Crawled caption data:

____________

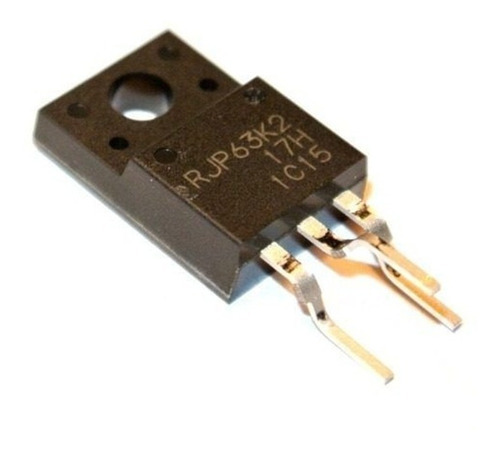 Rjp63k2 - Rjp 63 K 2 - Transistor Original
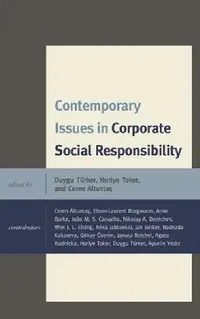 Buy Contemporary Issues in Corporate Social Responsibility (English, Duygu Turker | Huriye Toker | Ceren Altuntas) — BookShops.in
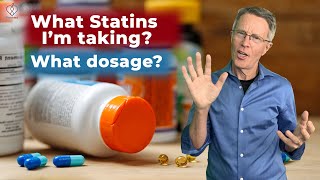 Q amp A Statins and My Statin Dosage [upl. by Paske]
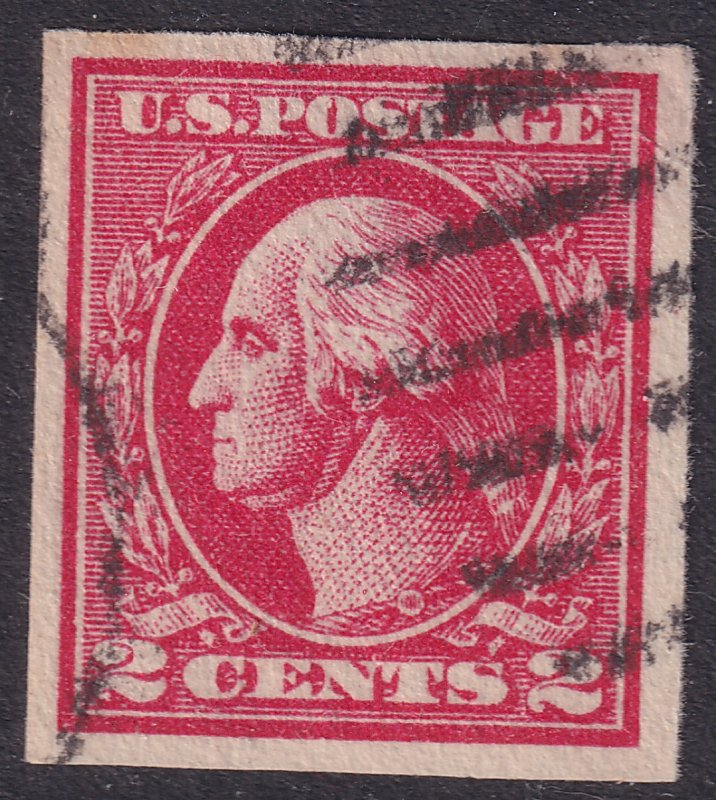#534A Used, VF (CV $40 - ID46877) - Joseph Luft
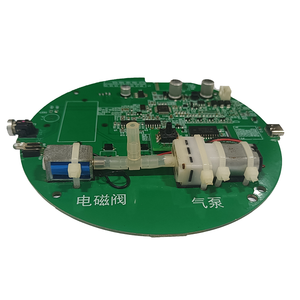 Menselijke hartslagmeting hartslagtest gezondheidsbewaking FR-4 printplaat PCBA model EW_K_024 ODM OEM one-stop service - Product Image 2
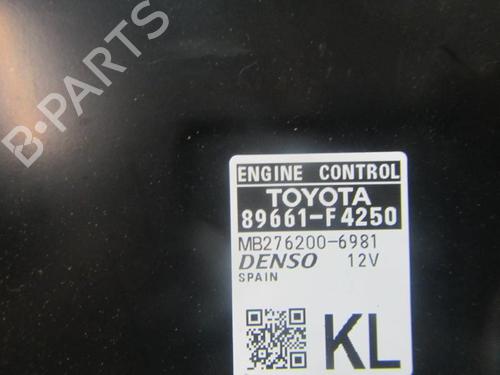 Engine control unit (ECU) TOYOTA C-HR (_X1_) 1.8 Hybrid (ZYX10_, ZYX11_) | BP3992324M57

____________

What you are asked to do: Leaving the pictures aside, repeat the data above exactly.

Your response:
 Rjp63k2 - Rjp 63 K 2 - Transistor Original
 Buy Contemporary Issues in Corporate Social Responsibility (English, Duygu Turker | Huriye Toker | Ceren Altuntas) — BookShops.in
 Q amp A Statins and My Statin Dosage [upl. by Paske]
#534A Used, VF (CV $40 - ID46877) - Joseph Luft
 Menselijke hartslagmeting hartslagtest gezondheidsbewaking FR-4 printplaat PCBA model EW_K_024 ODM OEM one-stop service - Product Image 2
 Engine control unit (ECU) TOYOTA C-HR (_X1_) 1.8 Hybrid (ZYX10_, ZYX11_) | BP3992324M57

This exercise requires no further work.